Hmm lohnt es sich einen E46 Bj: 2000 316i mit 189t km Laufleistung, gute Austattung zu kaufen für 3200 oder gegen meinen Peugeot 307 1.6 HDI 150t km Bj. 12/2005 zu tauschen?


----------



## Humpelpumpel (16. Februar 2013)

Jop, dürfte ganz gut hinkommen...Box, Kabel und Adapter fürs iPhone 5....grmlfrml. 
Mal schaun, dann kommt zum übergang doch nochmal n billiger FM Transmiter her, immer noch noch besser als Radio hören. 

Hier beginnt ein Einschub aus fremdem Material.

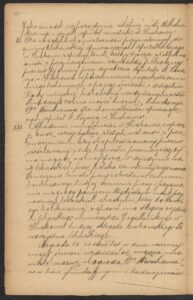 Fragment testamentu Warschauera z&nbsp;zapisem dot. rekonwalescentów chrześcijańskich, 
							ANK, Akta miasta Krakowa, sygn. 29/33/Kr 8575.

Trotzdem danke zoizz das du mit gegoogelt hast.


----------



## zoizz (9. März 2013)

von ursprünglich 850 Euro für eine grosse (fällige) Inspektion inzwischen runter auf 260 Euro für die wichtigsten und auch notwendigen Sachen runtergehandelt. Inspektion lohnt nur für wirklich junge Autos mit Garantie oder bei geplanten baldigen Wiederverkauf. Alles nur Geldmacherei!


----------



## Legendary (9. März 2013)

Was fährstn? Den Leon oder?

Wundert mich nicht...bei der Vertragswerkstatt kostet es immer ein vielfaches. Deswegen hab ich meinen KFZ-Meister, der mir mein Zeug so macht...Teile zum EK und so.


----------



## Dreiundzwoanzig (9. März 2013)

Leute, hat jemand Erfahrung mit den Audi A3 Quattro TDI 140PS Bj, 2005? Möchte mir gerne für den Alltag so ein Gerätchen zulegen! Wie ist das Allrad System von den Audi´s? Fahr zurzeit einen Evo 9 im Alltag und das Allrad System ist einfach Grandios, nur der Sprit verbrauch nicht . lg


----------



## Knallfix (12. Juni 2013)

Des is schon ne geile Karre *g





__ Youtube
				- Eingebundener Inhalt
			


__
youtube.com/watch/?v=RBWjUw-XCiI

				
				An dieser Stelle findest du externe Inhalte von Youtube. Zum Schutz deiner persönlichen Daten werden externe Einbindungen erst angezeigt, wenn du dies durch Klick auf "Alle externen Inhalte laden" bestätigst:
			

Alle externen Inhalte laden

Ich bin damit einverstanden, dass mir externe Inhalte angezeigt werden. Damit werden personenbezogene Daten an Drittplattformen übermittelt. Für mehr Informationen besuche die Datenschutz-Seite.


----------



## vollmi (13. Juni 2013)

Hi zusammen

Ich hab da mal mein Automatikgetriebe auf der Bahn getötet. 140 Grad Getriebeöltemperatur ist nicht gut. Jetzt hatte ich etwas Zeit und habs mal angefangen auseinanderzunehmen. Meine Fresse ohne Spannringzange für Aussenspannringe ohne Löcher ist man ja sowas von am Arsch. Die musste ich mir noch besorgen damit ich den letzten Spannring gaaaanz tief drinnen im Loch noch rauskriege.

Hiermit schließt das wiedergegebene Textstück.